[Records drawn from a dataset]
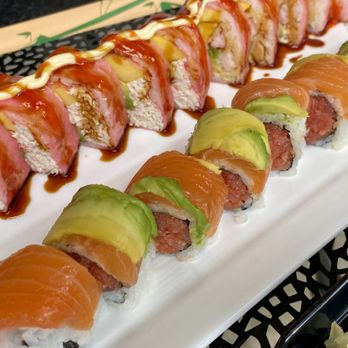 Sapporo Izakaya - Orange Dragon Roll, Pink Lady - Sushi Bars Near Me - Spring, Texas Sapporo Izakaya - Orange Dragon Roll, Pink Lady - Sushi Bars Near Me - Spring, Texas
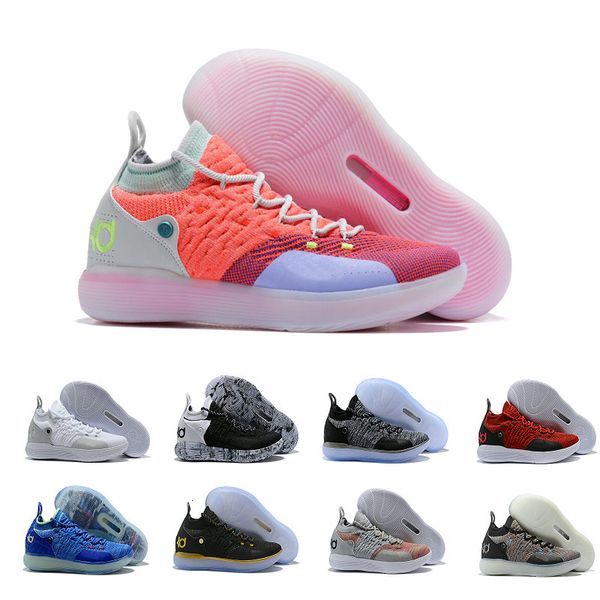 

2019 kd 11 basketball shoes black grey persian violet chlorine blue sneakers kevin durant 11s designer mens trainers des chaussures zapatos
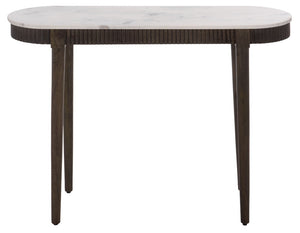 Safavieh Lorraine Marble Top Console Table with Mango Wood Base for Entryway or Living Room CNS3712A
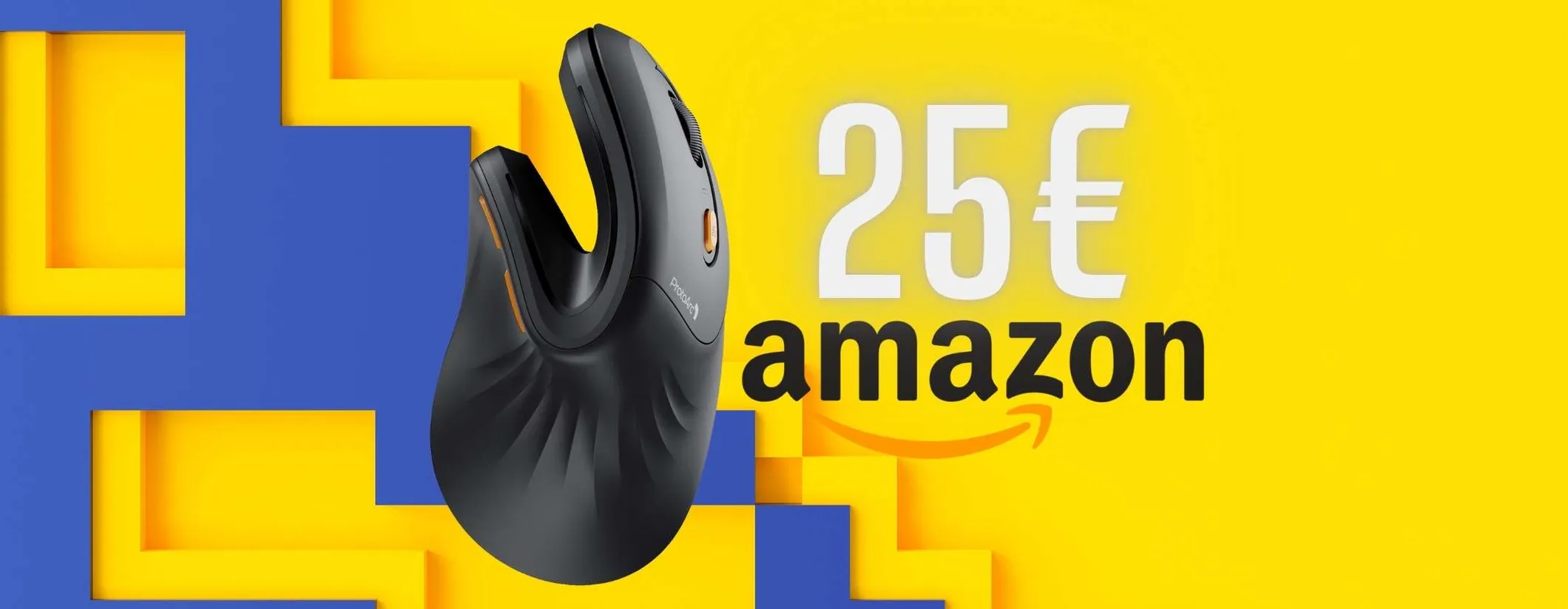 Mouse wireless ergonomico ProtoArc: con appena 25€ non farai più fatica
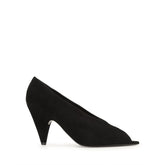 Beak Peep Toe Pump - Black | Sergio Rossi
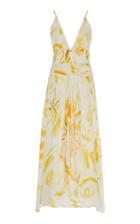 Moda Operandi Cult Gaia Margot Printed Cotton-silk Midi Dress Size: S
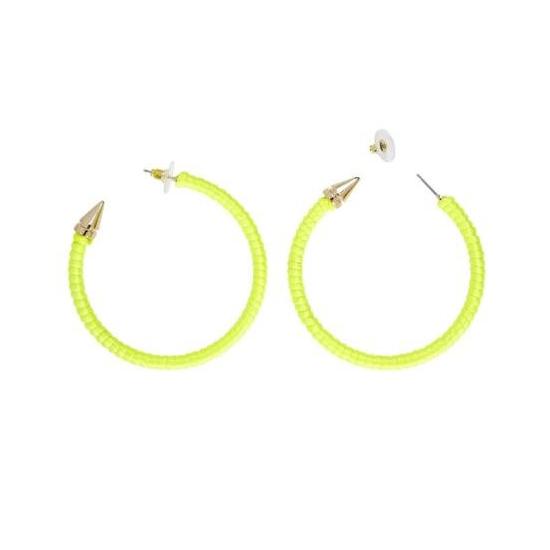 Par de Pendientes amarillo  Fluorescentes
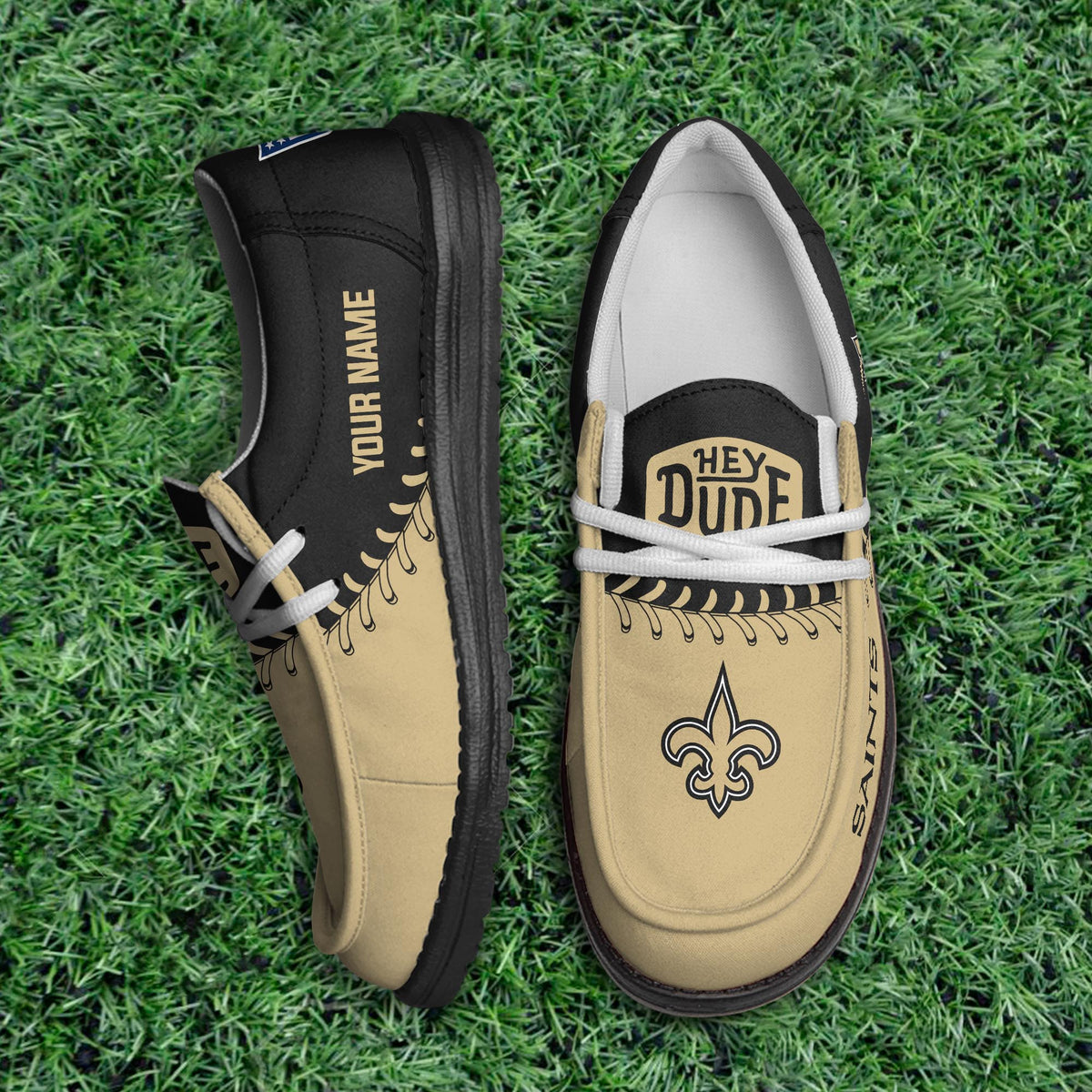 New Orleans Saints Lace Up Loafers 2026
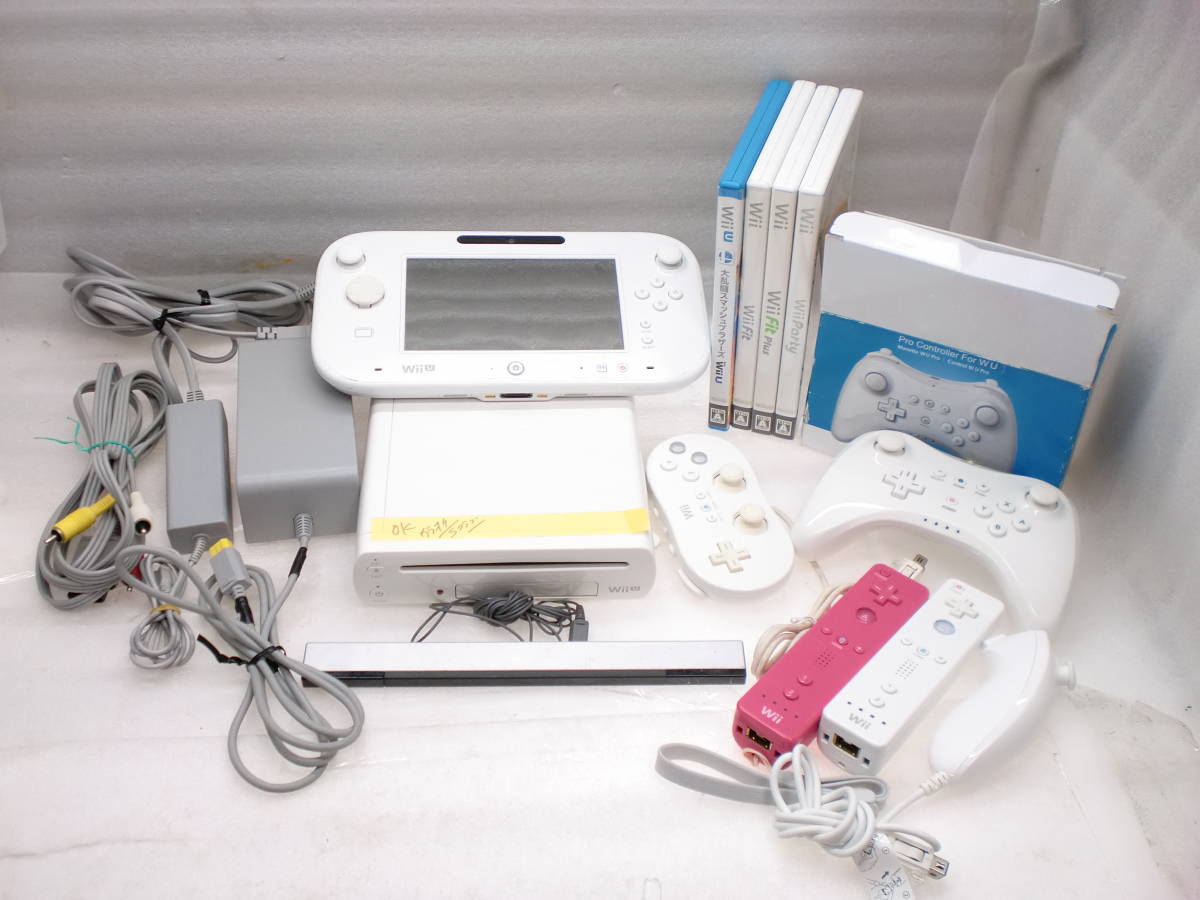 2311012 WiiU本体(32GB)大乱闘スマッシュブラザーズU Wiiソフト遊べます 現状品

## Assigned task
Pictures do not belong in your copy; restate word for word the lines from the one containing "Beak Peep Toe Pump - Black | Sergio Rossi" through the last line of the records above.

## Answer to this task
 Beak Peep Toe Pump - Black | Sergio Rossi
 Moda Operandi Cult Gaia Margot Printed Cotton-silk Midi Dress Size: S
 Par de Pendientes amarillo  Fluorescentes
 New Orleans Saints Lace Up Loafers 2026
 2311012 WiiU本体(32GB)大乱闘スマッシュブラザーズU Wiiソフト遊べます 現状品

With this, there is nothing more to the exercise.